- Promotional poster; featuring the main protagonist Kai Koguma
- Created by: Dai Sato
- Directed by: Yusuke Fukada Veerapatra Jinanavin
- Produced by: Yusuke Fukada Veerapatra Jinanavin
- Written by: Isao Murayama
- Music by: Kenji Katoh
- Studio: Riff Studio
- Licensed by: Netflix
- Released: November 21, 2024
- Runtime: 24–28 minutes
- Episodes: 6

= Tokyo Override =

2024 Japanese original net animation series

Tokyo Override is a Japanese original net animated (ONA) series produced by Netflix. Directed and produced by Yusuke Fukada and Veerapatra Jinanavin, the series premiered on Netflix in November 2024. Motorcycle manufacturers Yamaha and Honda were involved throughout the show's 3.5 year production.
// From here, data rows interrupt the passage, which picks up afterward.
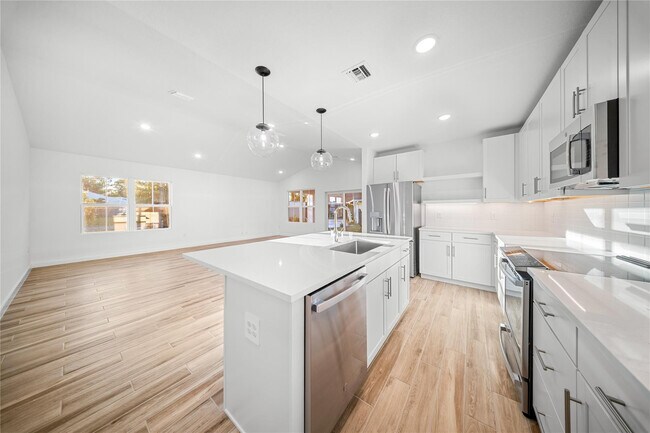 Building Photo - 1689 SW Abingdon Ave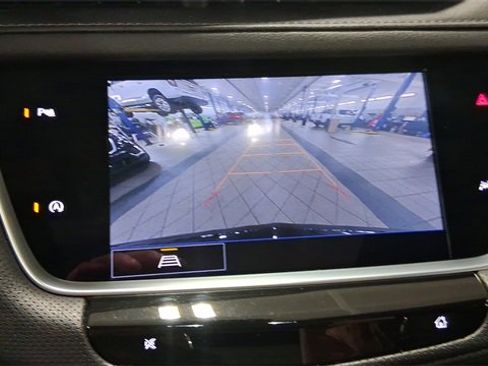 Used 2022 Cadillac XT6 Luxury image 32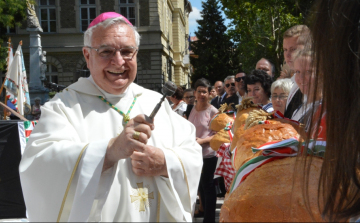 Ünnepséggel és szentmisével emlékeztünk meg az államalapításunkról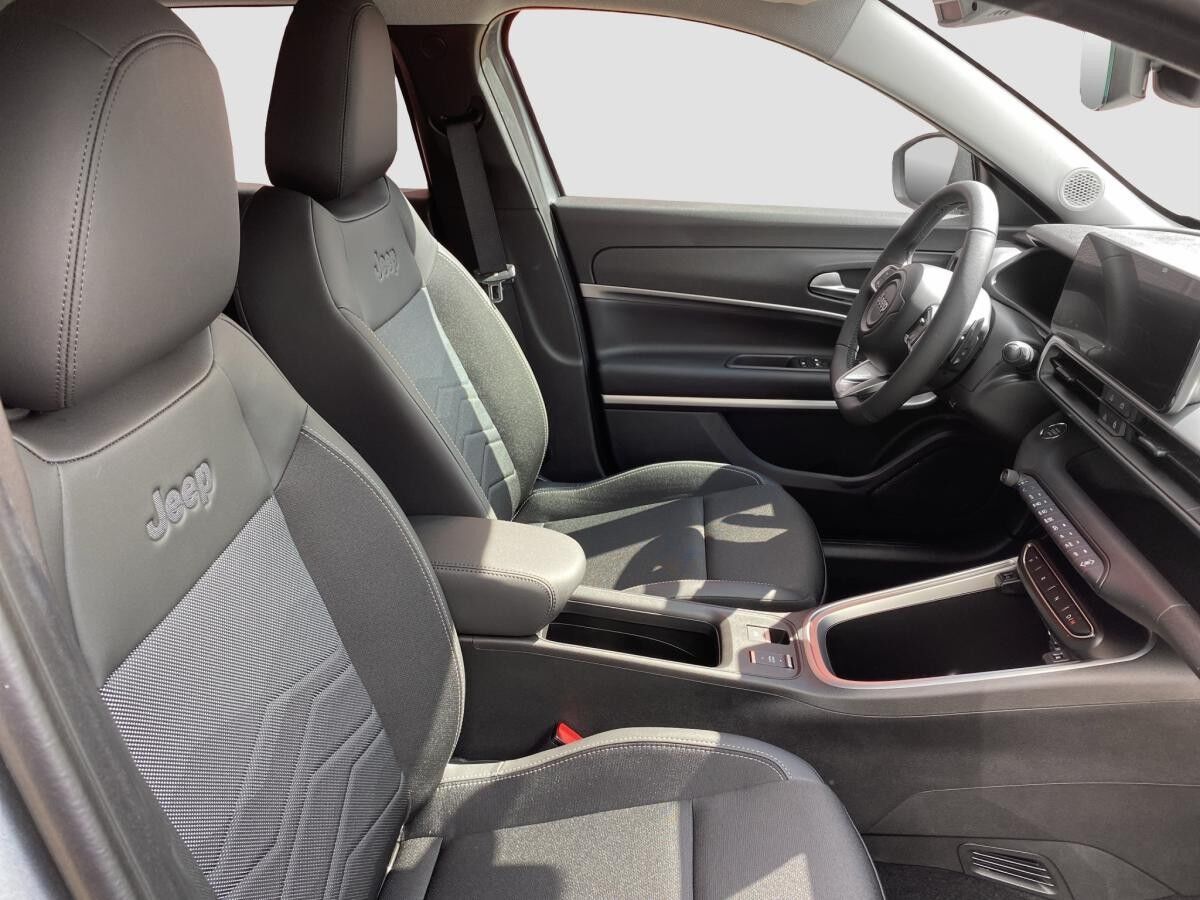 Jeep Avenger Summit MHEV Aut. Navi SHZ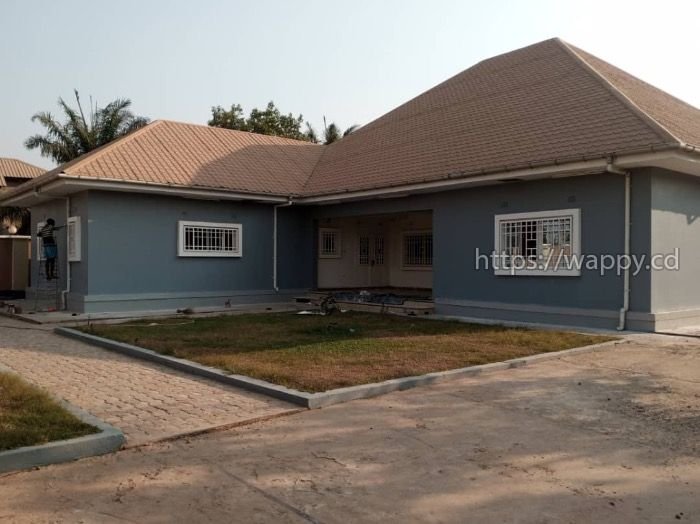 Maison de 5 ch + annexe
This included the show's worldbuilding phase, which was led by world designer Laura Cechanowicz, who brought in Joshua Dawson to serve as world-building architect.

==Plot==
Set in a near-future and technologically optimized Tokyo. The story follows Kai, a lonely young hacker whose life changes when she becomes involved with Suma Garage, a group of underground couriers who carry out deliveries for people in need. Through their work, Kai is drawn into parts of the city hidden beneath its orderly surface, where drugs, crime, and corruption continue to operate despite the city's polished image. As Kai and the couriers investigate further, they uncover signs of a larger conspiracy and work to expose the truth behind Tokyo's supposedly perfect system.

==Characters==
- Kai Koguma

A young hacker living in the West District.
- Hugo

A courier working for Suma Garage.
- Spoke

A courier working for Suma Garage.
- Watari

A hacker working for Suma Garage.
- Yukio

- Ayumi

- Yoshiaki Kageyama

A former police detective turned narcotics investigator working for the Ministry of Health Department.
- Yasumoto

An investigator working under Kageyama
- Ieuji

- Amarin Lu

- Mikuriya

==Release==
The series was released on Netflix on November 21, 2024, with six episodes. The ending theme is "Tokyo Minority" by Yu Serizawa. An insert song, "Cryptogram" by Yu Serizawa, Melody Chubak and Yonca was also used on the fourth episode.